+++ Extracted material +++
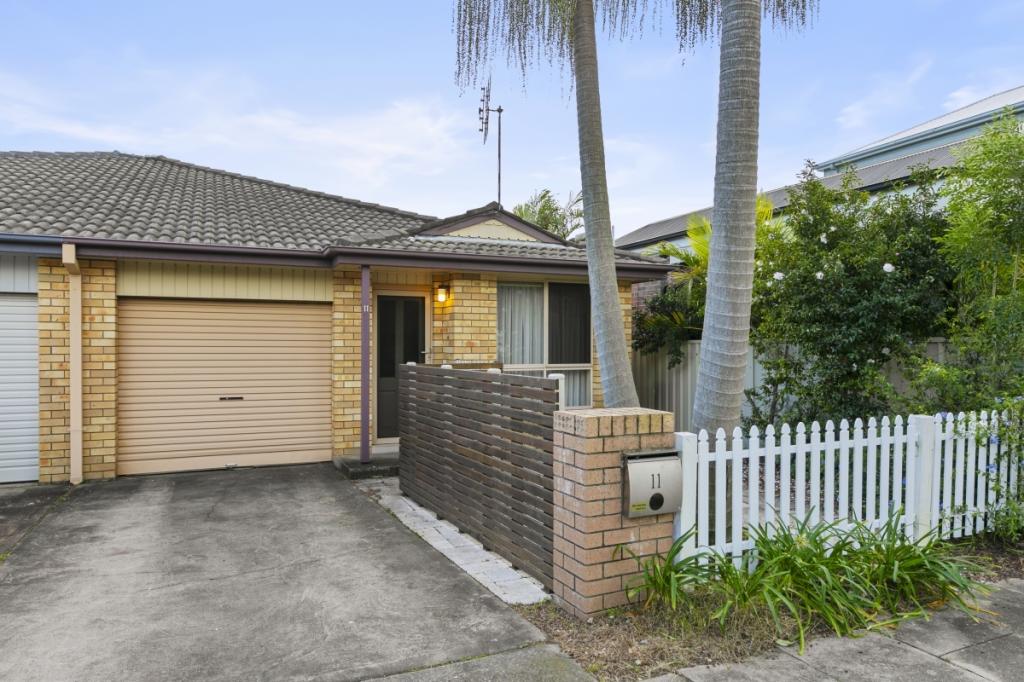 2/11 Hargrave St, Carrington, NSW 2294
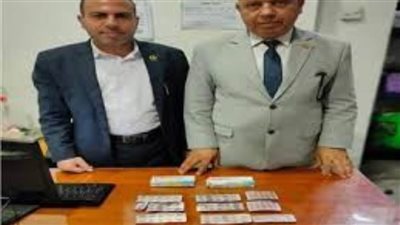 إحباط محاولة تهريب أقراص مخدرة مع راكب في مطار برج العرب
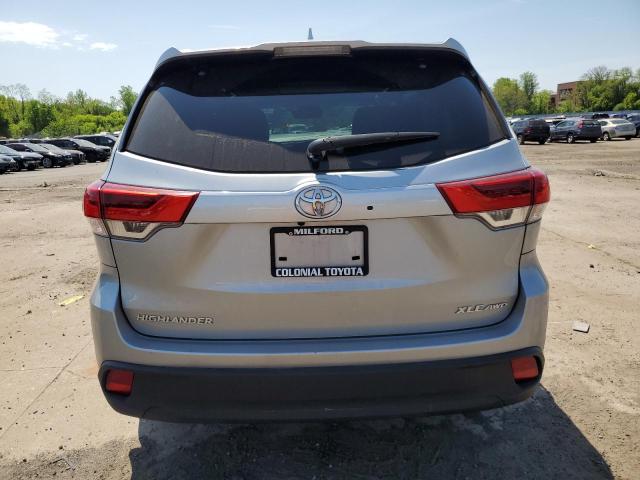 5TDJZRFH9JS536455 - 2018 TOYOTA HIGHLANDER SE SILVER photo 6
+++
+++ Extracted material +++
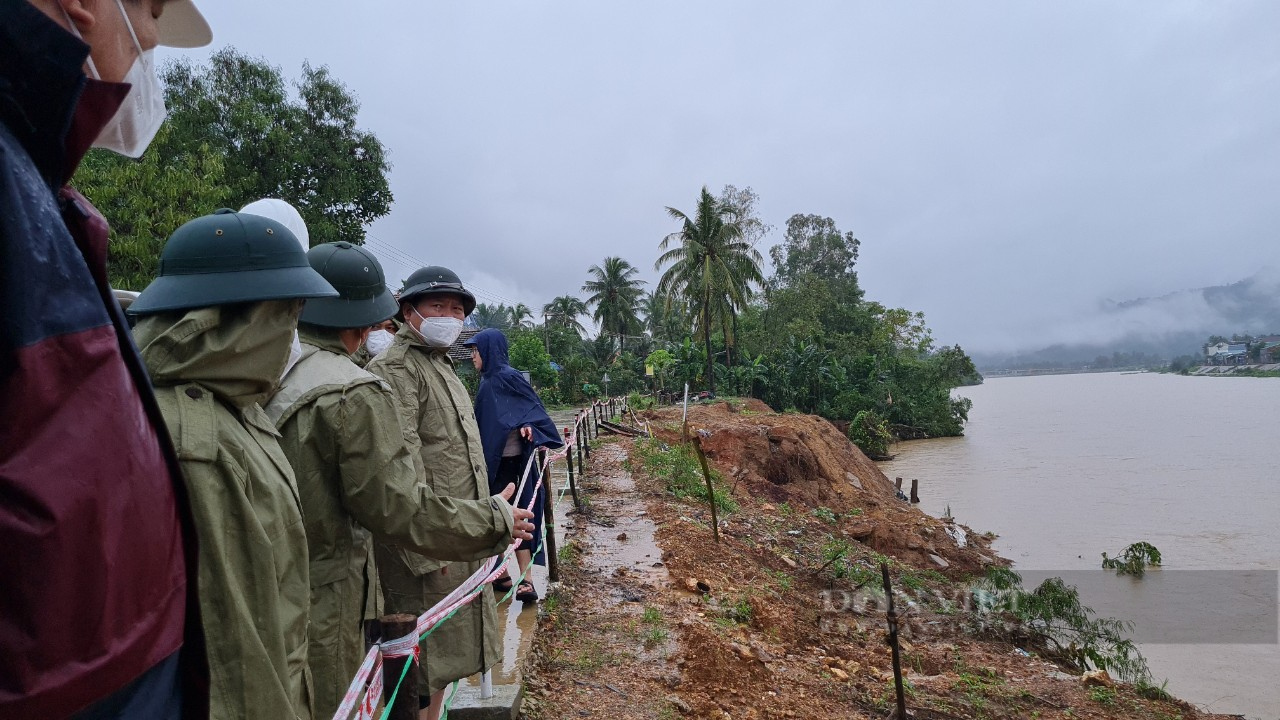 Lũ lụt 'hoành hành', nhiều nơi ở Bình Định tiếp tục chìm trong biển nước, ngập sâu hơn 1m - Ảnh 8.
+++
What to work on: Line for line, output the entries above from the line with "2/11 Hargrave St, Carrington, NSW 2294" to the line with "5TDJZRFH9JS536455 - 2018", both included, and nothing more. Skip pictures.

Output of the task:
 2/11 Hargrave St, Carrington, NSW 2294
 إحباط محاولة تهريب أقراص مخدرة مع راكب في مطار برج العرب
 5TDJZRFH9JS536455 - 2018 TOYOTA HIGHLANDER SE SILVER photo 6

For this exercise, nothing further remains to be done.